Lo que realmente obtienes cuando "configuras un agente de IA" en Freshservice
Cuando la gente pregunta cómo configurar un agente de IA en Freshservice, suelen referirse a una cosa concreta: el Freddy AI Agent, el bot autónomo orientado al empleado que responde preguntas y crea solicitudes sin que un humano toque el ticket. Es uno de tres productos bajo el paraguas de Freddy AI, por lo que vale la pena saber cuál estás activando:
- Freddy AI Agent es la capa autónoma. Desvía solicitudes rutinarias (restablecimientos de contraseña, consultas de estado, solicitudes de acceso) manteniendo una conversación y extrayendo respuestas de tu conocimiento.
- Freddy AI Copilot es asistencia de agente dentro del espacio de trabajo: respuestas sugeridas, resúmenes de tickets, traducción en tiempo real. Ayuda a tus empleados, no los reemplaza.
- Freddy AI Insights es la capa de análisis para líderes de equipo, identificando cosas como caídas de CSAT y incumplimientos de SLA.
Esta guía trata del primero, el agente autónomo. Aquí está la pantalla de configuración a la que apuntas, donde cada canal tiene su propio interruptor:

En papel, el beneficio es grande. Freshworks cita un 66 % de deflexión de tickets y una caída del 77 % en el tiempo promedio de resolución una vez que la IA está haciendo su trabajo. Son cifras del proveedor, así que trátelas como un techo en lugar de una promesa, pero indican lo que debe entregar una configuración limpia.
Antes de empezar: los prerrequisitos que nadie menciona
La mayoría de las guías sobre cómo configurar un agente de IA en Freshservice saltan directamente al interruptor. Tres prerrequisitos hacen tropezar a la gente primero, así que compruébalos antes de tocar Admin.
| Prerrequisito | Qué significa |
|---|---|
| Plan Enterprise | Freddy AI Agent solo está disponible en el nivel Enterprise. Los niveles Starter (19 $), Growth (49 $) y Pro (99 $) por agente/mes no lo incluyen, según la página de precios de Freshservice. |
| ServiceBot instalado | Para Slack y Microsoft Teams, debes instalar ServiceBot para esa plataforma antes de que Freddy pueda configurarse allí. El Portal de soporte y el Bot de correo no necesitan instalación adicional. |
| Presupuesto de sesiones | Cada licencia Enterprise incluye 1.200 sesiones de Freddy AI Agent al año. Una sesión es cualquier usuario que interactúa con el agente dentro de una ventana de 24 horas. Los paquetes de exceso son a precio a consultar. |
Una cosa más si tu instancia es antigua: el Virtual Agent heredado (todo lo habilitado antes del 18 de octubre de 2024) fue dado de baja el 21 de mayo de 2025. Si estás actualizando desde él, volverás a habilitar Freddy en cada canal después de la actualización en lugar de comenzar desde cero.
Ese modelo de sesión es el primer lugar donde haría una presupuestación real. 1.200 sesiones al año suenan generosas hasta que recuerdas que un solo empleado confundido que hace ping a Freddy tres días seguidos cuenta como tres sesiones. Para una organización de 600 personas, el límite se vuelve real rápido, que es el tema recurrente en la discusión sobre el coste de IA de Freshservice.
Cómo configurar un agente de IA en Freshservice, paso a paso
Con los prerrequisitos cumplidos, la configuración real es breve. Aquí está todo el flujo de un vistazo, luego cada paso en detalle.
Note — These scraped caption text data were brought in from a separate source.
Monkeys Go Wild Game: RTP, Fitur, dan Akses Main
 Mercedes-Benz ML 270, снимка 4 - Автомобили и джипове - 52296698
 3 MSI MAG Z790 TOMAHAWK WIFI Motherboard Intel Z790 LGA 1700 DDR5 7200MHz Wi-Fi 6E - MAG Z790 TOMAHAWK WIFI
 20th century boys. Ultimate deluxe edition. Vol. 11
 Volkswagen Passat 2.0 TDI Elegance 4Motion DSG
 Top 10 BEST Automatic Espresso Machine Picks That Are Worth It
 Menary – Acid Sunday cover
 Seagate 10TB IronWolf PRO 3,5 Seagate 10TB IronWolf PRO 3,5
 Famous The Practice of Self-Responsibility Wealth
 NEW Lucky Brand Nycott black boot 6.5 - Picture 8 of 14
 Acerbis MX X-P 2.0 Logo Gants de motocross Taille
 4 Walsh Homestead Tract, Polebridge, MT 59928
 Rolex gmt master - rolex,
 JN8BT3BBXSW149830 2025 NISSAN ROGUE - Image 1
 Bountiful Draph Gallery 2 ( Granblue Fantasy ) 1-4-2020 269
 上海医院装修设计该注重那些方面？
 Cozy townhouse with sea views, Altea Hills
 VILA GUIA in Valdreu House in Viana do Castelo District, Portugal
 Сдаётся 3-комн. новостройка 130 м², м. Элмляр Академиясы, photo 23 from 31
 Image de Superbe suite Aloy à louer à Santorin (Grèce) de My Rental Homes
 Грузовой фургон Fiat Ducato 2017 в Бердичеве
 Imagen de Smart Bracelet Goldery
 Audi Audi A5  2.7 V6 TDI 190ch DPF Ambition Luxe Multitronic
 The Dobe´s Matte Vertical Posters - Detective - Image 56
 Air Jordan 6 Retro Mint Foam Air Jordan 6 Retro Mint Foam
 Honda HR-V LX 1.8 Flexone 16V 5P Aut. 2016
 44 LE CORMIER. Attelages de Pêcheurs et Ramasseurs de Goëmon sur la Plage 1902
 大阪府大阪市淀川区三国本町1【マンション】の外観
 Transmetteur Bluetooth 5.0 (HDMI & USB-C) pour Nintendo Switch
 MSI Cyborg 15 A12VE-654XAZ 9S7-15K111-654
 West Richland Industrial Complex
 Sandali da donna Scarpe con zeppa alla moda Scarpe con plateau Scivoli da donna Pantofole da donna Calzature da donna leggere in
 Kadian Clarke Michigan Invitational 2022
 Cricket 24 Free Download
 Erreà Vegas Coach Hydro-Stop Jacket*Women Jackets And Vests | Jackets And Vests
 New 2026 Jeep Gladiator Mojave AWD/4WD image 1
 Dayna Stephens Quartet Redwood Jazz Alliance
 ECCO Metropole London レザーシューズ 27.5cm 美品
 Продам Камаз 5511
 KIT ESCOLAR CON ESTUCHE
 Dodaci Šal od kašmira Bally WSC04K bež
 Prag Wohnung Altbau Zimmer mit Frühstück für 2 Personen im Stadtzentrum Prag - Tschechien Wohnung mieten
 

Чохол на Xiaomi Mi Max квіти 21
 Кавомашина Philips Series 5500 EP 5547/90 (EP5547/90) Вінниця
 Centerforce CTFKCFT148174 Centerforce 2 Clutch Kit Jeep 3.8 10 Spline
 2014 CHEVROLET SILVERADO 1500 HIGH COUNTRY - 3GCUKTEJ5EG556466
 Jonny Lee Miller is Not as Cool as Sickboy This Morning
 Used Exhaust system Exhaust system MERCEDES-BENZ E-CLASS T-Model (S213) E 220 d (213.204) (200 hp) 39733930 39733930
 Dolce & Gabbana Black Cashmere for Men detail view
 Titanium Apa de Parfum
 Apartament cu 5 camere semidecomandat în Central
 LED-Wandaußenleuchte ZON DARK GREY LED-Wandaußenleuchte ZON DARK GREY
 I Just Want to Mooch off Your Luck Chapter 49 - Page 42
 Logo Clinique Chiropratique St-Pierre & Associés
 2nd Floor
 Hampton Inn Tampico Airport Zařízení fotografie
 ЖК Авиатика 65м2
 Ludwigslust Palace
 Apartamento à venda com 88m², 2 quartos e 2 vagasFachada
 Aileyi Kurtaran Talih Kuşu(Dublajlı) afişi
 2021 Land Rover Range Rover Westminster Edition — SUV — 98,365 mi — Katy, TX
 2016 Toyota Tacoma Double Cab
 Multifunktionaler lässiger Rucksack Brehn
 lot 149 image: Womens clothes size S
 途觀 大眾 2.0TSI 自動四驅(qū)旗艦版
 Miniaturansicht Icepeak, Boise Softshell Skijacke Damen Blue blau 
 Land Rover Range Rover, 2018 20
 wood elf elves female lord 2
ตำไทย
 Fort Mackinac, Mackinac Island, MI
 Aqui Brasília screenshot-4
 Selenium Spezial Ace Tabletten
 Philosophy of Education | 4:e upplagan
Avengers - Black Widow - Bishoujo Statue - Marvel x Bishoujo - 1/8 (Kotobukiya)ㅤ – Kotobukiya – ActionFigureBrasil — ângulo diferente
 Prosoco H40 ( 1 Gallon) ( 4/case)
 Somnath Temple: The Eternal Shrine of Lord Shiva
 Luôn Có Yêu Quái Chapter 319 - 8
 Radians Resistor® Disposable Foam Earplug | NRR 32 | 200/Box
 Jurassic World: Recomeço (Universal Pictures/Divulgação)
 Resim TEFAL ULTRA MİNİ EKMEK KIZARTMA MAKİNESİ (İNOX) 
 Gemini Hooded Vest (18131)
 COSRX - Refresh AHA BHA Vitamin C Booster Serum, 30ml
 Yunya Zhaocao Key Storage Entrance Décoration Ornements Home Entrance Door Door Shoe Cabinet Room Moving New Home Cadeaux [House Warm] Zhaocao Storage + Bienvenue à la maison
Paso 1: Confirma que estás en el plan Enterprise
No hay forma de evitarlo. Si estás en Pro o inferior, Freddy AI Agent no aparecerá en la configuración. Comprueba tu plan en Admin > Planes y facturación, y si estás evaluando el salto, la diferencia entre el plan Pro de Freshservice y Enterprise es la decisión a modelar primero.
Paso 2: Abre Configuración global y busca Freddy
Ve a Admin > Configuración global y escribe Freddy en el cuadro de búsqueda. Verás la tarjeta de Freddy AI junto con las entradas de ServiceBot para Microsoft Teams y Slack.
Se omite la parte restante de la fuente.